EFEMar Sánchez-Cascado, Hong Kong

Milhares de manifestantes voltaram às ruas em Hong Kong neste domingo, em passeata batizada como "Marcha do Dia dos Direitos Humanos", no marco de seis meses do início dos protestos no território semiautônomo da China.

As pessoas foram às ruas para reforçar as reivindicações pró-democracia, que tomaram conta da região desde junho, e também para celebrar a data comemorativa, que será na próxima terça-feira.

Esta foi a primeira manifestação convocada pela Frente Civil dos Direitos Humanos que recebeu autorização da polícia local desde 21 de junho, quando o governo de Hong Kong proibiu as mobilizações convocadas por esta organização não-governamental.

"O governo deve responder nossas cinco exigências para cumprir com o dever de proteger os direitos humanos internacionais e defender a dignidade humana", diz o texto do grupo.

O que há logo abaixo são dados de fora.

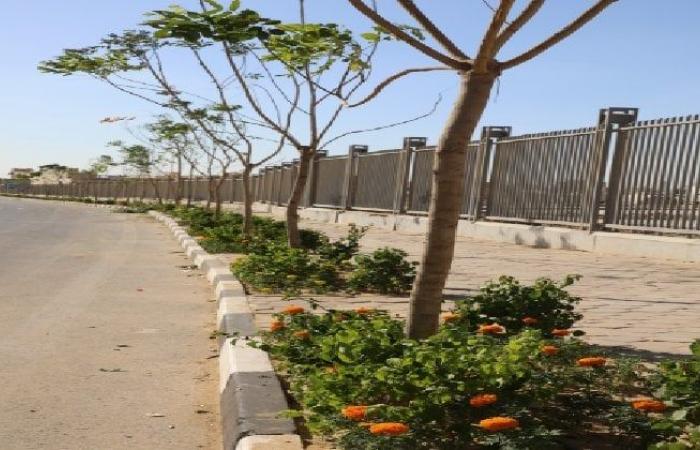 بالبلدي: تخطيط
      علمي
      وكفاءة
      للمياه..
      القاهرة
      تعلن
      تفاصيل
      الخطة
      التنفيذية
      لمبادرة
      «تخضير
      العاصمة»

A Frente Civil dos Direitos Humanos garantiu que esta é a "última oportunidade" para a chefe do governo local, Carrie Lam, cumprir com as principais demandas populares, que incluem uma investigação independente sobre a atuação das forças de segurança nos protestos, anistia para presos e voto universal.

Hoje, a marcha foi iniciada no Victoria Park, localizado no distrito comercial de Causeway Bay e se dirigiu até Chater Road, próximo ao coração do distrito financeiro de Hong Kong.

Muitos dos organizadores levavam pequenas urnas, onde poderia ser depositado dinheiro, que será utilizado na assistência jurídica aos mais de 4 mil detidos até o momento devido participação em protestos.

GÁS LACRIMOGÊNEO.

Nos últimos seis meses, a polícia de Hong Kong disparou mais de 10 mil cargas de gás lacrimogêneo, o que gera apelo entre os ativistas, por causa dos males à saúde dos manifestantes. Além disso, está sendo solicitado que as autoridades revelem os ingredientes químicos da munição.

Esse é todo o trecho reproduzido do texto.